# GF needs broadheads for her PSE CHAOS



## dbbumpin (Jun 27, 2009)

Well I'm tryin to decide on a broadhead for the gf. She is shooting about 26" @ roughly 42lbs. Her arrows are lighter carbons, can't be exact. But she probobly wont shoot farther than 25yds. What would be a great head, forgiving, and dead on on.

We will be deer hunting btw


----------



## dbbumpin (Jun 27, 2009)

ttt guys


----------



## laker11 (Aug 28, 2009)

Two blade Magnus Stinger.


----------



## dbbumpin (Jun 27, 2009)

laker11 said:


> Two blade Magnus Stinger.


I'm shootin the mangus 4 blade this year...how do the 2 blades fly? Was thinkin about the slick tricks too?


----------



## RamRock (May 22, 2008)

Give a 75gr muzzy 3-blade a try


----------



## j.irvin (Sep 21, 2009)

Bought 75g Muzzy's for my wife. She's shooting 40lb 27" draw. :thumbs_up


----------



## Rockinxj00 (Sep 19, 2009)

I really like the way the montec G-5's fly out of my carbons.


----------



## sawtoothscream (Apr 19, 2008)

laker11 said:


> Two blade Magnus Stinger.


no doubt about it 2 blade stingers


----------



## dbbumpin (Jun 27, 2009)

hmmm, do you guys think she should be shootin a 75g or 100g...she tuned the bow for 100g field tips..prob wont shoot farther than 20 yards...gonna be fun:darkbeer:


----------



## Termie (Jan 21, 2006)

You know, i battled in my bead all spring and summer about what broadheads i was going to give my wife to shoot this year. It was down to slick tricks, or buzzcuts. I decided on buzzcuts.

She has already put them to the test this year. She downed a nice doe with the buzzcuts. Simple enough...but what impressed me was the fact with a 40 pound bow, she blasted through the opposite shoulder. I have a feeling that with a 3 or 4 bladed broadhead that the arrow most likely would have stopped in that shoulder. Deer would have still been dead, but blood would have been harder to find.

I think if you give her a 3 or 4 blade broad head you might get better blood trails...but if she hits anything that isnt ideal(shoulder) she might have more trouble then if she had a 2 bladed head. I would also try the heavier of the two heads you are considering.


----------



## dbbumpin (Jun 27, 2009)

Termie said:


> You know, i battled in my bead all spring and summer about what broadheads i was going to give my wife to shoot this year. It was down to slick tricks, or buzzcuts. I decided on buzzcuts.
> 
> She has already put them to the test this year. She downed a nice doe with the buzzcuts. Simple enough...but what impressed me was the fact with a 40 pound bow, she blasted through the opposite shoulder.
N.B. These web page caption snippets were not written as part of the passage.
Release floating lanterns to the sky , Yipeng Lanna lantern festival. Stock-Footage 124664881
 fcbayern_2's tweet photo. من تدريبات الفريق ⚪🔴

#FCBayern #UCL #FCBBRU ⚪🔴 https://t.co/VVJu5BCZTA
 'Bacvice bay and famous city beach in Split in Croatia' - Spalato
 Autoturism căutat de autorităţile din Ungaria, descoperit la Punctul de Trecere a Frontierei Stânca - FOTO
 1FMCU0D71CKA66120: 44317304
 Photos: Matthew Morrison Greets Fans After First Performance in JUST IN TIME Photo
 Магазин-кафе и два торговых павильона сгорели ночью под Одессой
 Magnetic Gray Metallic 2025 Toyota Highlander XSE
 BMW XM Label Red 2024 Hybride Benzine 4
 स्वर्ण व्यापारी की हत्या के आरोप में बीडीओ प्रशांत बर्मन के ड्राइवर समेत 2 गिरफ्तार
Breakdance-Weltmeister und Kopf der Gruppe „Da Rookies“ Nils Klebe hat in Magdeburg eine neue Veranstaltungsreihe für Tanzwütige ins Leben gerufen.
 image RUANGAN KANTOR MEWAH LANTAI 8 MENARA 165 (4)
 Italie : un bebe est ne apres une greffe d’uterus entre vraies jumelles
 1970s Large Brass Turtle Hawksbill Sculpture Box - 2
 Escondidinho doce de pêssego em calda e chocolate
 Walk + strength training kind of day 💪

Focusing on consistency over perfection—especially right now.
I have a feeling that with a 3 or 4 bladed broadhead that the arrow most likely would have stopped in that shoulder. Deer would have still been dead, but blood would have been harder to find.
> 
> I think if you give her a 3 or 4 blade broad head you might get better blood trails...but if she hits anything that isnt ideal(shoulder) she might have more trouble then if she had a 2 bladed head. I would also try the heavier of the two heads you are considering.


good to know I appreciate. My buzzcuts should be here tomorrow 

but I think the gf is goin to the local shop tomorrow so we shall see what she gets


----------



## bowtechmaniac (Jun 17, 2009)

My 10 year old is shooting Diamond razor edge 41lbs With thunderhead 100 grain.He seems to be getting good penetration.


----------



## Mikie Day (Oct 21, 2002)

last year my daughter was shooting 40lbs and set up with a magnus stinger and she killed 2 deer..one was a complete pass threw.


----------